Thank you again for tuning into another weekly report of my favorite CrossFit workout of the week. This week was about finding balance. I had a good amount of presentations and assignments this week, but no tests. What was nice about it was that I had just enough work to keep myself busy, but also not enough work to keep me from procrastinating to the max. 

This was a week of great CrossFit workouts. I had lots of time to be at the gym, and now that the weather is getting colder and more rainy, this gives me even more leverage to get out of my house do something productive at the gym. Even though I am still in training for a run in February, I believe that I will focus more on time to spend inside the gym for this week as the weather continues to change. I have been doing a great job of keeping myself accountable of going on runs and going to the gym, but now I believe I should shift my focus a little more to being more strict on my CrossFit workouts. 

As I have mentioned in previous blogs, I believe that switching up your workouts throughout the week will help you from getting burnt out. So, for this next upcoming week, I am going to focus more on gym (CrossFit) workouts and while I am home next week for Thanksgiving, I will most likely focus more on my running and cardio. 

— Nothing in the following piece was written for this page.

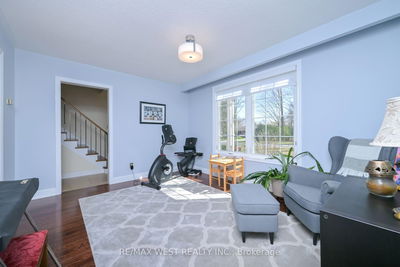 24 Cedarwood Cres, King - Nobleton image-0-4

Here was my favorite workout this week:

Primer:

6 Minute AMRAP:

  • 10 PVC Passes
  • 10 Kettle Bell Deadlifts 
  • 10 Bench Push-Ups
  • 3 Inchworms (No Push-Up)
Strength:
Benchpress:
  • 1x2 @ 50%
  • 1x2 @ 60%
  • 1x2 @ 70%
  • 1x2 @ 80%
  • 1x2 @ 90% 
  • 3x2 @ 95%
Conditioning: 
For the first 15 minutes...
10 Rounds for Time 
  • 15 Russian Kettlebell Swings 
  • 8 Burpees 
For Minutes 15-20...
  • Maximum weight farmer carries (120 feet)
I liked this workout because it was another partner workout on a Monday morning. It was a great way to kick off the week and get start off the day on the right foot. Recently, I have started to enjoy partner workouts more than I used to. In the past, I used to like going to the gym by myself and to keep to myself as I did my workouts. I have started to make more friends that go to the same CrossFit classes as me, so it is fun to collaborate on workouts with them. Its like socializing and working out at the same time - killing two birds with one stone!

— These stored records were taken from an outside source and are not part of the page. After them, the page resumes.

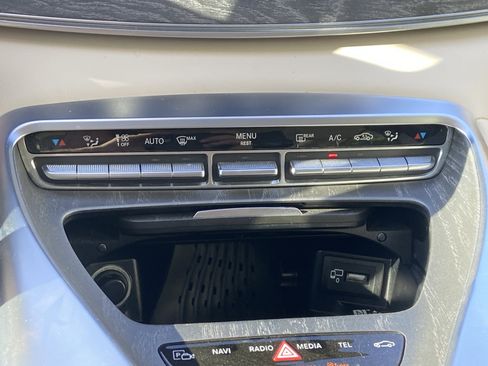 Certified 2020 Mercedes-Benz AMG GT 53 image 32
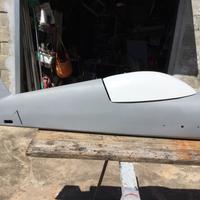 modellismo 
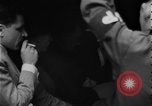 Image of Arrested Nazi WW2 Shanghai China, 1946, second 25 stock footage video 65675078500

The most challenging portion of this workout was the first 15 minutes of conditioning. After doing lots of bench presses previously, my arms and chest were pretty tired. I then had to go from swinging a kettlebell to doing as many burpees as I could in a 15 minute period. Man, was I tired after that workout! But, as I have mentioned in some previous blogs, I have also been invested in strict strength training, like bench presses. It was very nice to have bench presses (strict strength training) in collaboration with the CrossFit workout. That is my ideal way of working out.